The summary then focused on sources of revenue for the common school fund. Kettleborough,
supra note 2, at 410. But it did not state or suggest that Article 8 intended to impose upon
government any duty to educate children to any particular standard of achievement.
After reviewing the Article's political and constitutional history as well as subsequent
appellate opinions, this Court concluded in Nagy as follows:
[D]etermining the components of a public education is left within the authority of the
legislative branch of government. Article 8, Section 1 imperatively places upon the
legislature, "by all suitable means . . . to provide, by law, for a general and uniform
system of Common Schools." But this imperative leaves to that branch considerable
discretion in determining what will and what will not come within the meaning of a
public education system. "The duty rests on the legislature to adopt the best [school]
system that can be framed; but they, and not the courts, are to judge what is the best
system. There is this limitation on legislative power: the system must be 'a general and
uniform one,' and tuition must be free and open to all; but the extent of this limitation is
this, and nothing more."
Nagy, 844 N.E.2d at 491 (quoting Robinson v. Schenck, 102 Ind. 307, 318, 1 N.E. 698, 705
(1885)).
The plaintiffs argue that the totality of the Education Clause "demonstrates the centrality
of education to civic life in Indiana." Br. of Appellants at 16. They urge that its surrounding
history reflects a prevailing public sentiment in 1850 that a public education system was needed
to eliminate illiteracy and to protect Indiana's democracy. While there is strong evidence of
these general concerns, the plaintiffs point to no historical evidence that the framers intended
more than their historic accomplishment of requiring the legislature to establish a system of free
common schools. The historical facts do not evidence any intention to require the establishment
of a public education system with any particular standards of educational output. We decline the
plaintiffs' invitation to amplify the words and meaning of our Constitution as crafted by its
framers and approved by its ratifiers.
Guided as we are by the text of the constitutional provision in the context of its history,
we conclude that the Education Clause of the Indiana Constitution does not impose upon
government an affirmative duty to achieve any particular standard of resulting educational
7
quality. This determination is delegated to the sound legislative discretion of the General
Assembly. And in the absence of such a constitutional duty, there is no basis for the judiciary to
evaluate whether it has been breached. The plaintiffs are not entitled to the declaratory relief
sought regarding the Education Clause.
Other Constitutional Claims
While the principal focus of the plaintiffs' appeal is their claimed violation of the
Education Clause, they also include less expansive arguments that Indiana's public school
financing system violates the Indiana Constitution's Equal Privileges and Immunities Clause and
its Due Course of Law Clause. Both of these claims are predicated on the plaintiffs' assertion
that the Indiana Constitution grants them a fundamental constitutional right to receive an
adequate public education. See Br. of Appellants at 34. Absent such a constitutional right, these
other constitutional claims of the plaintiffs lack merit.

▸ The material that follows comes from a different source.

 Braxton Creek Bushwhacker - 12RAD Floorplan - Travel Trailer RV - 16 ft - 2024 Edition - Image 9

By its own terms, Article 8, concerning education, does not speak in terms of a right or
entitlement to education. Rather, the Article relates to the aspirational goals and objectives
assigned to the General Assembly as the legislative branch of Indiana government.
Significantly, the drafters of our Constitution did not include any reference to education in
Article 1, the Bill of Rights, which declares the rights of individuals in relation to government. It
is the Bill of Rights that assures, for example, the rights of individuals to religious freedom; to
speak, write, and print without government restraint; to trial by jury; to counsel and confrontation
of witness in criminal cases; to bear arms, etc. Education is not among the enumerated
individual rights. To the extent that an individual student may have a right, entitlement, or
privilege to pursue public education, any such right derives from the enactments of the General
Assembly, not from the Indiana Constitution.

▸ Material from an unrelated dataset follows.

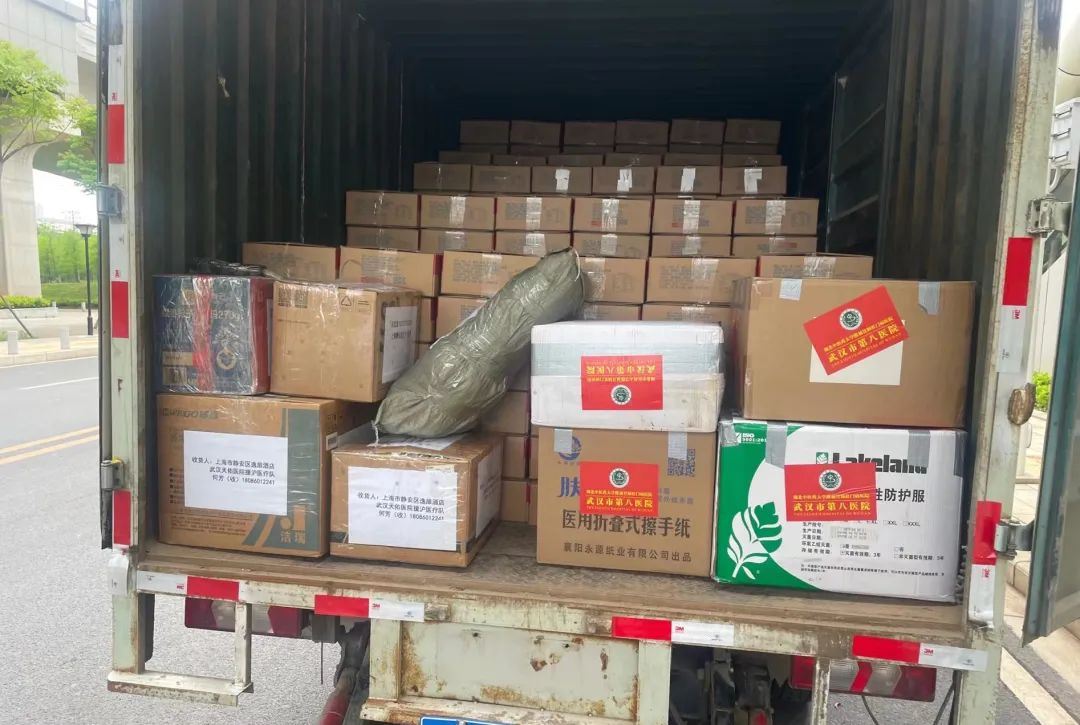 支援上海抗疫 武汉这位快递小哥又出动了休闲区蓝鸢梦想 - Www.slyday.coM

We conclude that the framers and ratifiers certainly sought to establish a state system of
free common schools but not to create a constitutional right to be educated to a certain quality or
other output standard. In the absence of such a constitutional right to receive an adequate public
education, the plaintiffs are not entitled to the declaratory relief sought regarding the Equal
8
Privileges or Due Course of Law Clauses of the Indiana Constitution.
Conclusion
We hold that the facts stated by the plaintiffs' complaint, even if taken as true, would not
support the relief requested and we therefore affirm the trial court's judgment granting the
defendants' motion to dismiss.
Shepard, C.J., and Sullivan, J., concur. Boehm, J., concurs in result with separate opinion.
Rucker, J., dissents with separate opinion.
9
Boehm, Justice, concurring in result.
Article 8, section 1 of the Indiana Constitution provides that it is the duty of the General
Assembly to ―provide, by law, for a general and uniform system of Common Schools.‖
I agree with Justice Rucker that this provision creates judicially enforceable standards.
Courts are fully capable of determining whether a law is applied generally throughout the state.
Similarly, whether a system is ―uniform‖ is capable of judicial resolution. More generally, a
requirement that a ―system‖ be ―general‖ and ―uniform‖ is a standard that courts routinely
address and find to be met or not. See, e.g., Mun. City of South Bend v. Kimsey, 781 N.E.2d
683 (Ind. 2003) (annexation statute applicable to only one county violated state constitution
provision that laws shall be ―general‖ and of ―uniform‖ operation, Ind. Const. art. 4, § 23). It is
no less enforceable than the Equal Protection Clause of the United States Constitution or the
Equal Privileges Clause of the Indiana Constitution.
I agree with the majority, however, that the Indiana Constitution imposes no particular
level of quality on the educational product of our schools. To be sure, the requirement to provide
for a ―general and uniform system of Common schools‖ requires that there be legislation
providing educational opportunity for all Indiana children. But the plaintiffs understandably do
not contend that the system we have is so bereft of educational value that it is not a ―system of
Common Schools‖ at all. And for whatever reason, the plaintiffs in this case have not chosen to
assert that the system the General Assembly has provided by law is not general or lacks
uniformity. Rather, they assert that the current system of public education from kindergarten
through high school fails to provide a quality of education adequate to the needs of our children.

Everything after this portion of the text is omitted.